Le succès de librairie de Gaston Kelman, Noir n’aimant pas le manioc, a suscité une polémique assez mal engagée sur les propos signés par l’auteur du Best-Seller. La polémique vient d’une erreur de lecture qui a fait passer l’expression d’un dominé en génuflexion, et en fuite psychologique devant sa couleur de peau, pour un ouvrage intellectuel, pis, intelligent. Kelman n’est pourtant pas autre chose que le revers d’un des systèmes d’ostracisme et de racisme les plus opprimants et insidieux que l’Europe connaisse, le racisme de la technocratie française, cultivé et savant.
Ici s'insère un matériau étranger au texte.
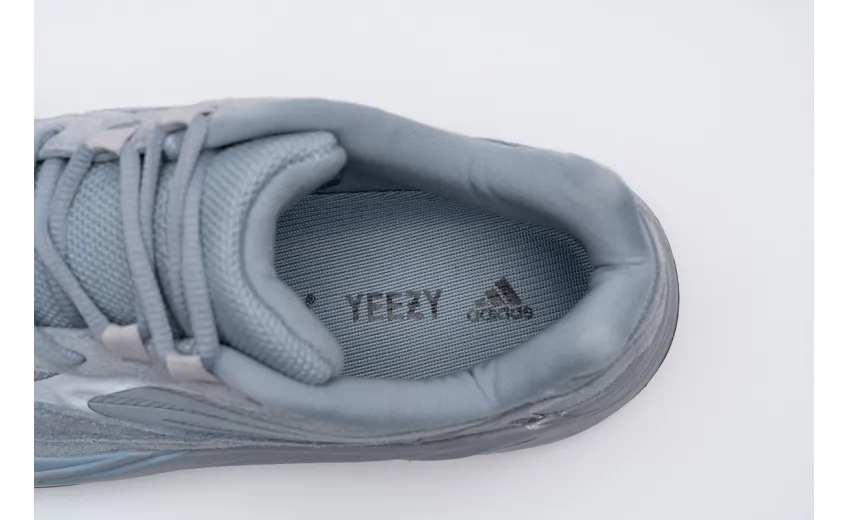 Reps StockX Shoes Adidas Yeezy Boost 700 V2 “Hospital Blue”Basf Boost FV8424??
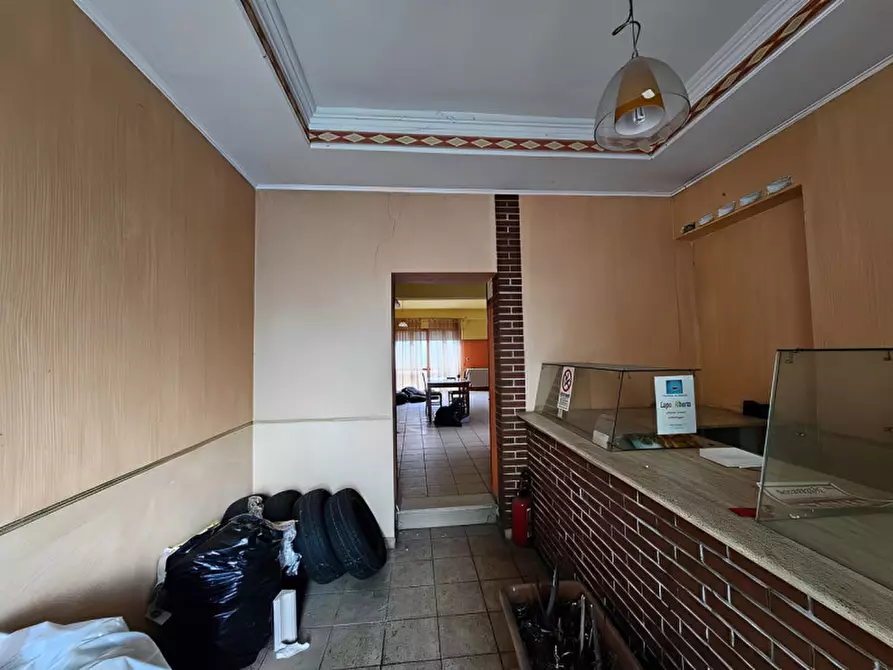 Immagine 2 di Attività commerciale in vendita  in Viale Madonna della Misericordia, N.53 a Ancarano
Passé depuis des siècles dans l’inconscient collectif d’une société, il génère une purulente prolifération de comportements pathologiques chez les dominés mélanodermes qui s’entre-agressent, se raillent pour accéder aux miettes, aux raclures de pouvoirs comme disait Césaire.

Il serait vain de chercher dans l’ouvrage de Gaston Kelman toute trace pertinente et novatrice d’idées, de construction, d’analyses ou de faits, se rapportant au rapport des Noirs de France avec la société dans laquelle ils vivent. Le sujet Kelman, l’intérêt que l’on pourrait tirer de l’incidence de sa fable intégrationniste, est surtout l’utilisation par les dominés, inconsciemment ou non, de leur situation pour se faire positivement remarquer du système dominant. Quelles stratégies mettent-ils en place, en s’auto-dévalorisant au besoin, pour capter quelques niches, quelques strapontins, afin d’échapper à la condition socio-économique presque commune des autres.

Kelman très tôt prévient ses lecteurs de ses faibles dispositions éthiques en affirmant en introduction d’un livre truffé de contradictions et d’incompétences intellectuelles que nous signalerons : « … le Noir devra apprendre à supporter le racisme et à ne pas s’appuyer sur lui pour justifier un quelconque échec » [P.13]. Soit dit en passant ce Noir depuis cinq siècles ne supporte pas assez le racisme qui est la chose la plus recommandée au monde…

Dans la foulée le messie annonce la voie du salut : « Il devra vivre et lutter, en attendant qu’il se hisse à un niveau où il cédera la place du discriminé à un autre groupe ». Discriminé, il est urgent que tu te battes, mais surtout que tu attendes, un jour peut-être tu te ho-hisseras à la place non pas du Blanc, mais d’un autre futur discriminé… Une perle !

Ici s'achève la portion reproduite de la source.